My question to you is why do you protect the American dollar
and not the people of the world from the rapid devaluation
of their savings.

Dollar-Rallies

ANSWER: This is the entire problem with currency – people do not truly understand it and attribute to a single object value that does not truly exist. You can “think” it was gold that rose, but was it simply that the Drachma declined? The difference is critical. If ONLY gold rose then what you say would be correct. But if EVERYTHING rose in drachma, you are wrong.

ferrari-328

During the 1970s, I always bought German cars. A Porsche cost me $10,000 in 1970 and by 1980 it was $50,000. To this day, the Italian Ferrari is bought and held as an “investment” because people CONFUSE currency with the object. Is it really a Ferrari that is rising in value or is it currency? When the pound crashed into 1985, a 328 Ferrari, which was a £32,000 car when the pound was US$2.40 fell to about $32,000 when the pound dropped to US$1.03. I bought a Ferrari in London and drove it around for two years there. Because the pound crashed, the Italians raised the price to £60,000, which was on par for what the car cost in the USA. But the pound rallied back to nearly $2 and after driving it for 2 years, I sold it for twice the dollars I had paid. Did I make money on the Ferrari? Or was I just playing foreign exchange? It was currency not the car. I could tell my posterity the same story without the currency and say Ferrari is the best investment ever. However, that would be just an illusion.

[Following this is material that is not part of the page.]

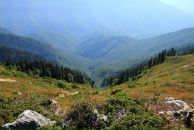 Дмитрий Серов фотография #10 (источник - https://vk.com/id41924820)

GC1970-1979-M GCSF1970-1979

It was not that gold alone rose in value during the 1930s you are calculating in drachma. The drachma declined and thus everything in pounds or dollars rose proportionately. This is true of gold in the 1970s as well. If we look at gold in Swiss francs, it rose from 811 francs to 32100 between January 1970 and December 1979 or about a 395% advance.  In dollars, gold moved from $35 to $521 or about 1488%. In REAL terms, gold rallied only from $35 to about $140 in 1970 dollars. The difference between $521 and $140 was currency. This is why gold fell for 19 years into 1999.

IBGREK-M 1995-1999

 

The dollar bottomed in 1995 against the drachma as it did against the Japanese yen at that time. However, gold declined during this period into its final low in 1999.

GCSF-M 1990-2002 GCNYNF-M 1990-2002

 

If you want to argue about investments, do not be fooled by the currency illusion. Gold bottomed in dollars in 1999, yet in Swiss it was 2000. This is why we have the intraday high in 2011 and the highest annual closing in dollars in 2012.

Make sure whatever the investment might be that you understand what you are really doing. I can document profits in driving a Ferrari. But was it really a Ferrari I made money on or was it the currency?